According to a new report published by the International Renewable Energy Agency (IRENA), the transition of the global energy system away from fossil fuels and toward renewable hydrogen could result in a significant reassessment of geopolitical relationships, potentially supporting the emergence of new global powers.
Similarly to how fossil fuel resources have long had an impact on geopolitical developments, the latest IRENA assessment suggests that an emerging hydrogen industry could reconfigure international economic and political relationships, potentially introducing new members into the world energy market and transforming the roles of current energy market powers.
Renewable hydrogen may be a far greater focus of international commerce than fossil fuels, with as much as 30% of global hydrogen output exchanged across borders by 2050 – a significantly higher percentage than fossil gas, it is noted in the study.
This might be driven by nations wishing to join the global hydrogen market, either as a producer or consumer of the fuel, as well as those who have never engaged in international commerce for fossil fuels.
Australia, for example, is among a group of nations that have the capacity to create hydrogen at cheap cost and in quantities that are expected to much surpass their own domestic demands, and hence have a high potential to become prominent hydrogen exporters, says IRENA’s report.

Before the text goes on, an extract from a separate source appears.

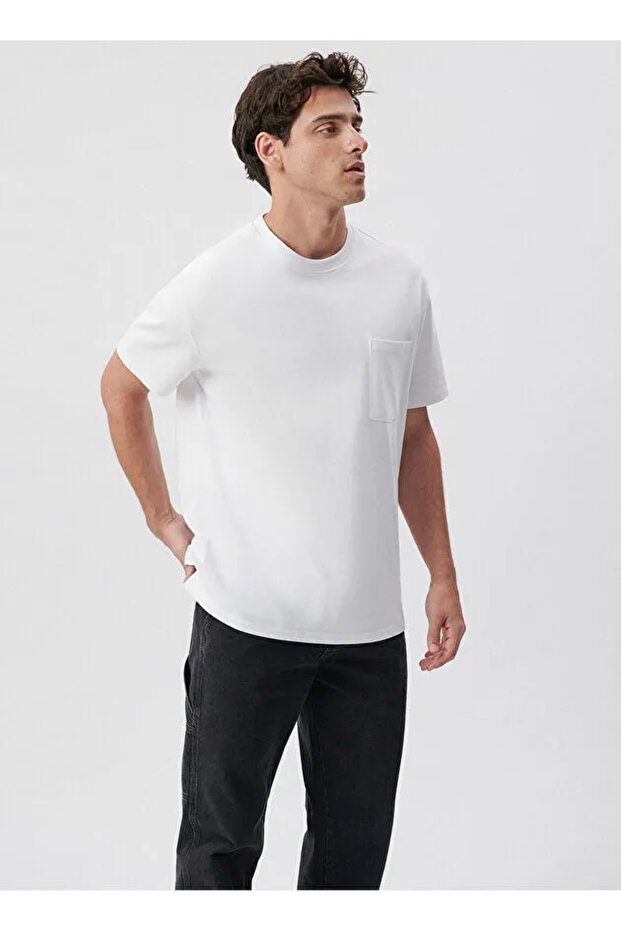 tek cepli basic beyaz erkek t-shirt - 1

According to the IRENA research, “experts estimate that Australia, Chile, Morocco, Saudi Arabia, and the United States are best positioned to emerge as significant clean hydrogen producers by 2050.”
According to IRENA, since green hydrogen can be generated everywhere, it might lead to fewer resource-related conflicts.
The potential advantages of a worldwide transition to hydrogen, such as improved international partnerships, are likely to be contingent on the creation of a green hydrogen economy, while fossil hydrogen is likely to perpetuate the dynamics of conventional fossil fuels like oil and gas, the report says.